PROBLEM TO WORK ON
With the pictures left out, print exactly the lines below that run from the one containing "Ensemble de table" through the one containing "Island Sense Hawaii".

DATA EXTRACTS
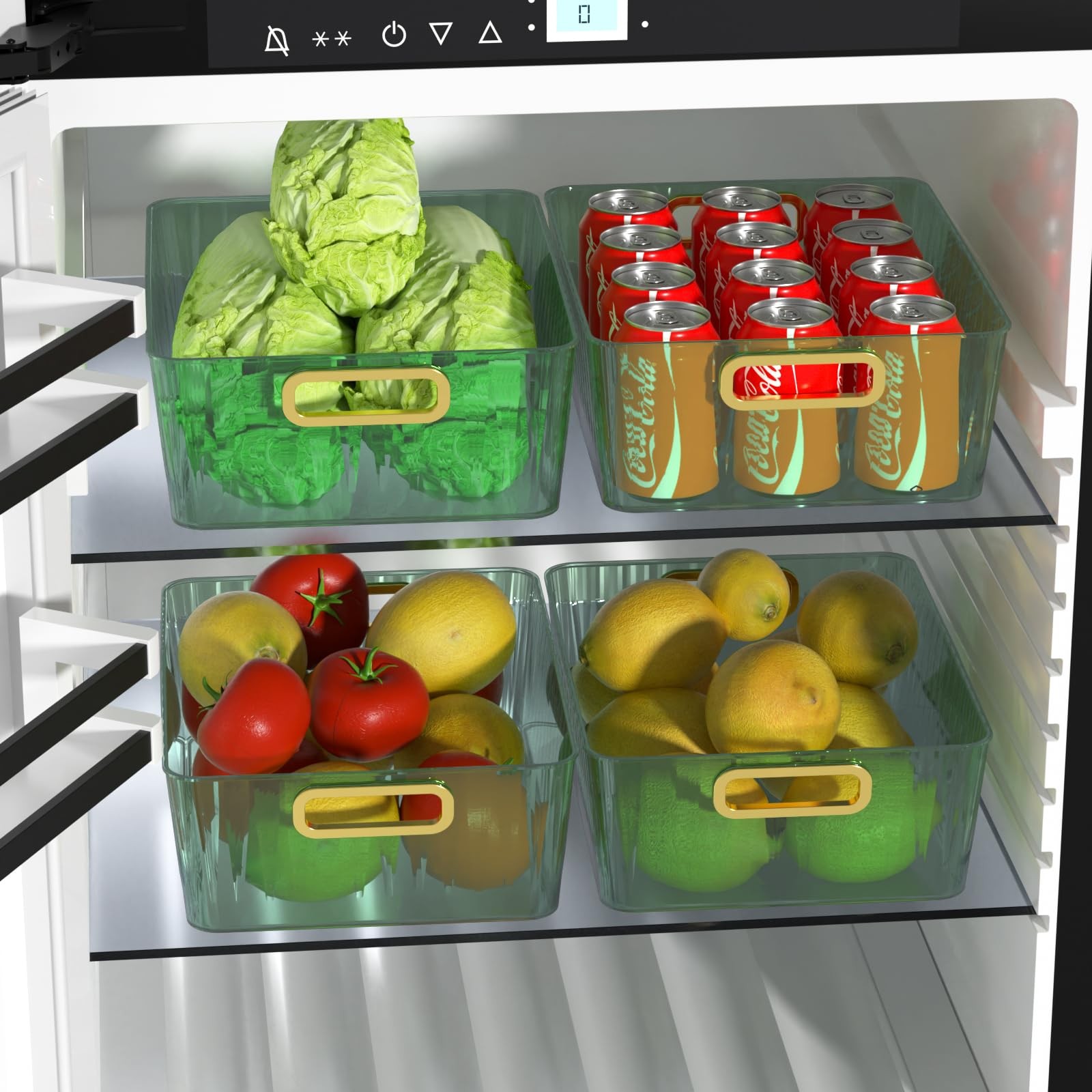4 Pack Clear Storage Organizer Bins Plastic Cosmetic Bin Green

---

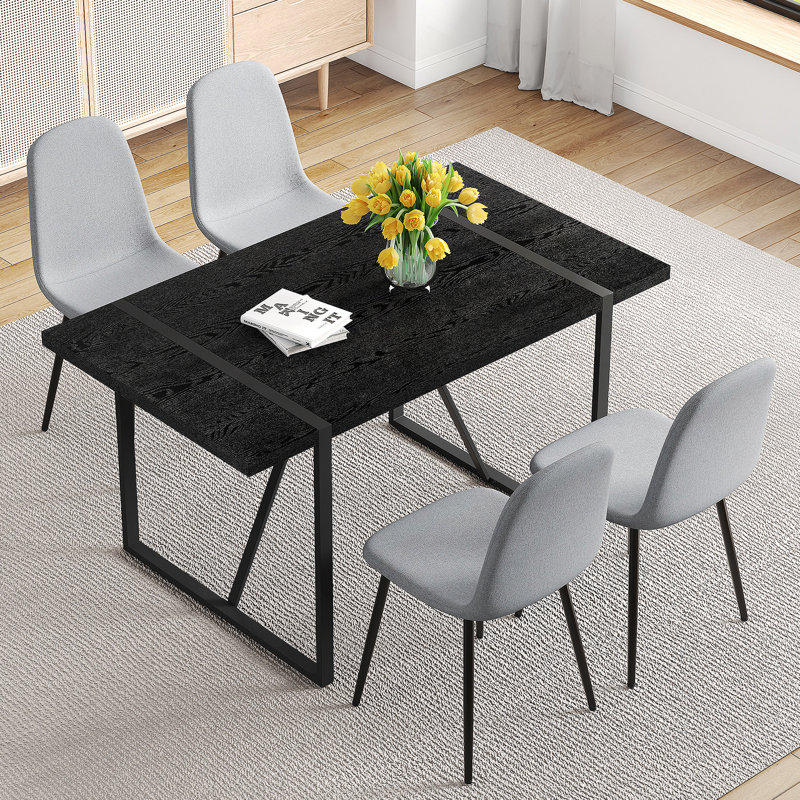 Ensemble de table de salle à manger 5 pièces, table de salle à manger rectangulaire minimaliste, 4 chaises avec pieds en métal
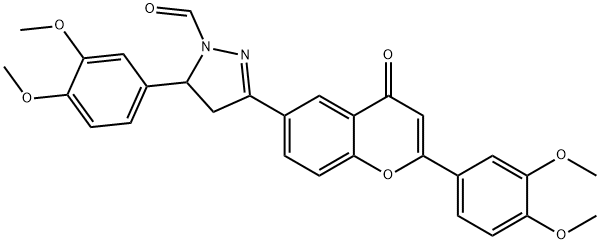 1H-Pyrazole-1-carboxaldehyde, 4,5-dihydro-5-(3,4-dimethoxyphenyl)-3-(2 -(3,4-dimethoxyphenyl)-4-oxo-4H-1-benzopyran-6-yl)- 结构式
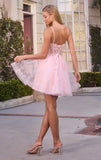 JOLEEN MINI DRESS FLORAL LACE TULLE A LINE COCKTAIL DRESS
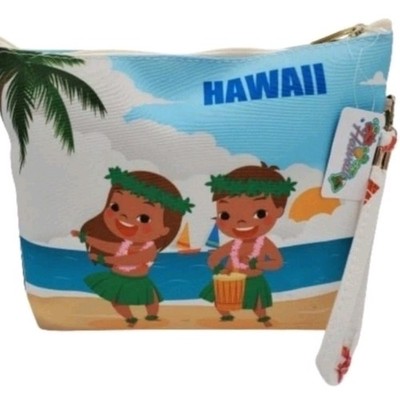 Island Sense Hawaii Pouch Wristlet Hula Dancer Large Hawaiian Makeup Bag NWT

SOLUTION
 Ensemble de table de salle à manger 5 pièces, table de salle à manger rectangulaire minimaliste, 4 chaises avec pieds en métal
 1H-Pyrazole-1-carboxaldehyde, 4,5-dihydro-5-(3,4-dimethoxyphenyl)-3-(2 -(3,4-dimethoxyphenyl)-4-oxo-4H-1-benzopyran-6-yl)- 结构式
 JOLEEN MINI DRESS FLORAL LACE TULLE A LINE COCKTAIL DRESS
 Island Sense Hawaii Pouch Wristlet Hula Dancer Large Hawaiian Makeup Bag NWT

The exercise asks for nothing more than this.